US natural gas storage fields inject 7 Bcf as heating season nears

Highlights

East region reports withdrawal

Injection proves less than survey expected

US natural gas stocks increased by single digits as the East region reported a withdrawal, but at least one more net injection remains while global gas demand keeps domestic prices much higher than normal to start the heating season.

Storage fields injected 7 Bcf for the week ended Nov. 5, according to data released by the US Energy Information Administration on Nov. 10. It was much less than the 15 Bcf build expected by a survey of analysts by S&P Global Platts.

The 7 Bcf build for the week was also lower than the five-year average injection of 25 Bcf, ending the eight-week streak of larger-than-normal storage injections that began in early September and reduced the storage inventory deficit from minus 231 Bcf to minus 101 Bcf by late October. The inventory deficit has widened once again.

Working gas inventories increased to 3.618 Tcf. US storage now stands 308 Bcf, or 7.8%, less than the year-ago level of 3.926 Tcf and 119 Bcf, or 3.2%, less than the five-year average of 3.737 Tcf.

US supply and demand balances tightened sharply during the latest storage week, with strong gains in heating demand pushing the market to be nearly 7 Bcf/d tighter compared with the week before, even amid rising production, according to Platts Analytics.

Total supplies for the week averaged 700 MMcf/d higher on strengthening output in the Southeast and Texas cell regions. Downstream, total demand increased by about 7.4 Bcf/d as residential-commercial demand picked up 7.1 Bcf/d week over week and industrial demand added 1.1 Bcf/d over the same period, helping soften the blow of a roughly 800 MMcf/d decline in pipeline flows to Mexico.

The NYMEX Henry Hub December contract fell 8 cents to $4.90/MMBtu, in trading following the release of the EIA's storage report. The remaining winter strip, December through March, shed 8 cents as well.

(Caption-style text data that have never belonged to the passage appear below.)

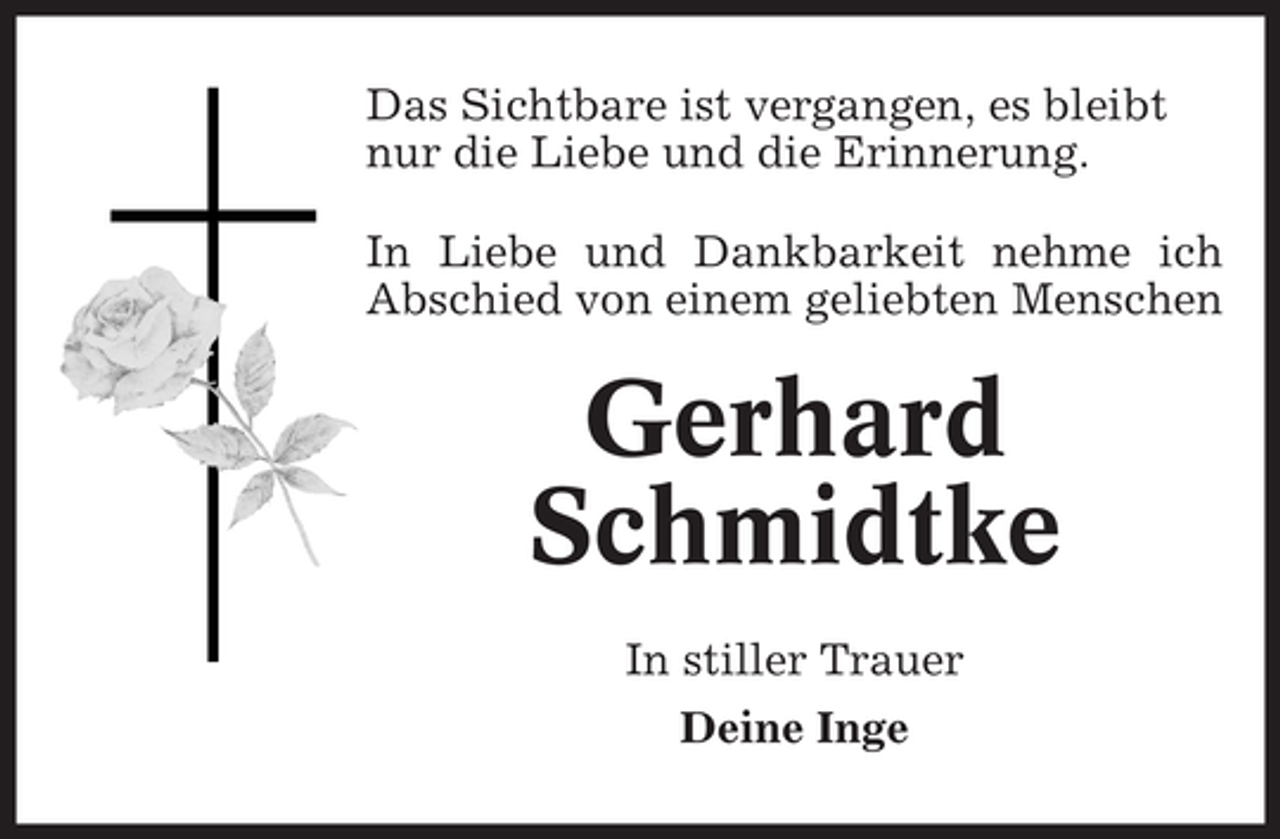 <p>Das Sichtbare ist vergangen, es bleibt<br />nur die Liebe und die Erinnerung.<br />In Liebe und Dankbarkeit nehme ich<br />Abschied von einem geliebten Menschen</p><p>Gerhard<br />Schmidtke<br />In stiller Trauer<br />Deine Inge</p>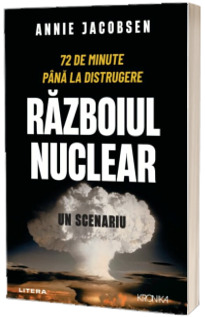 Razboiul nuclear. Un scenariu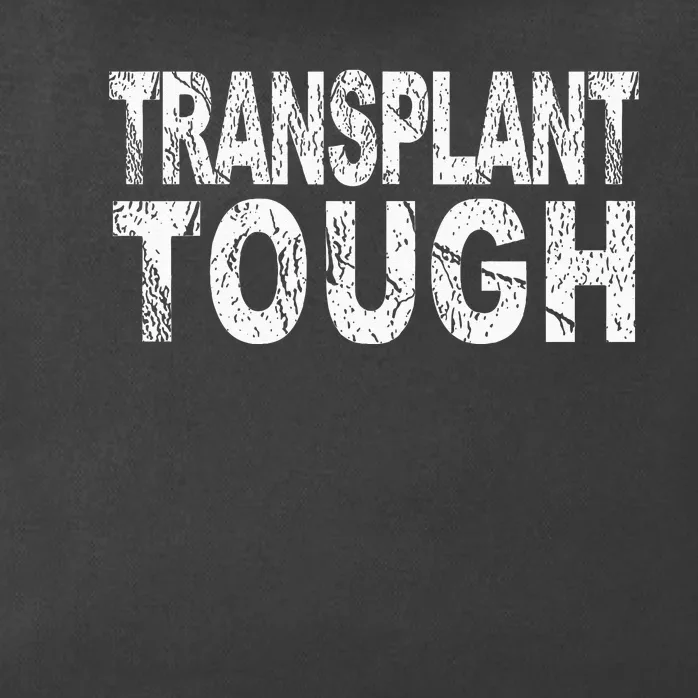 Transplant Tough Kidney Donor Transplant Zip Tote Bag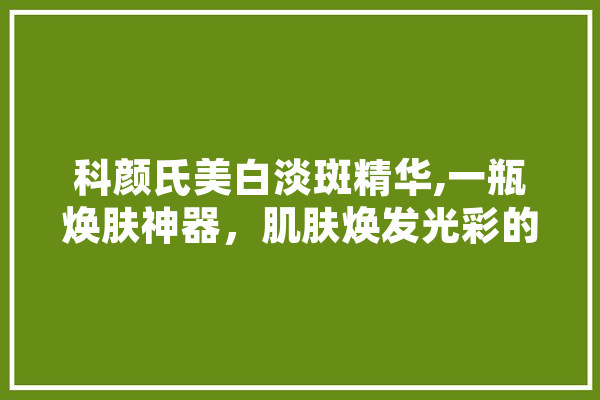 科颜氏美白淡斑精华,一瓶焕肤神器，肌肤焕发光彩的秘密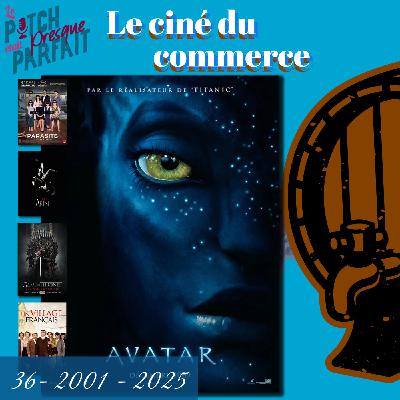 36 - 2001 - 2025 - LE CINÉ DU COMMERCE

These latest price developments mark a dramatic shift from just two weeks ago, when the November 2021 Henry Hub contract settled at $6.20/MMBtu. Early cold weather in November this year has been displaced by milder temperatures, and weather forecasts continue to show sustained (relative) warmth possibly through the end of the month, likely paving the way for a prolonged injection season as production has also been rising since the beginning of the month.

Platts Analytics' supply and demand model currently forecasts a 20 Bcf build for the week ending Nov. 12. This would stand in contrast to the 12 Bcf withdrawal reported on average over the past half decade.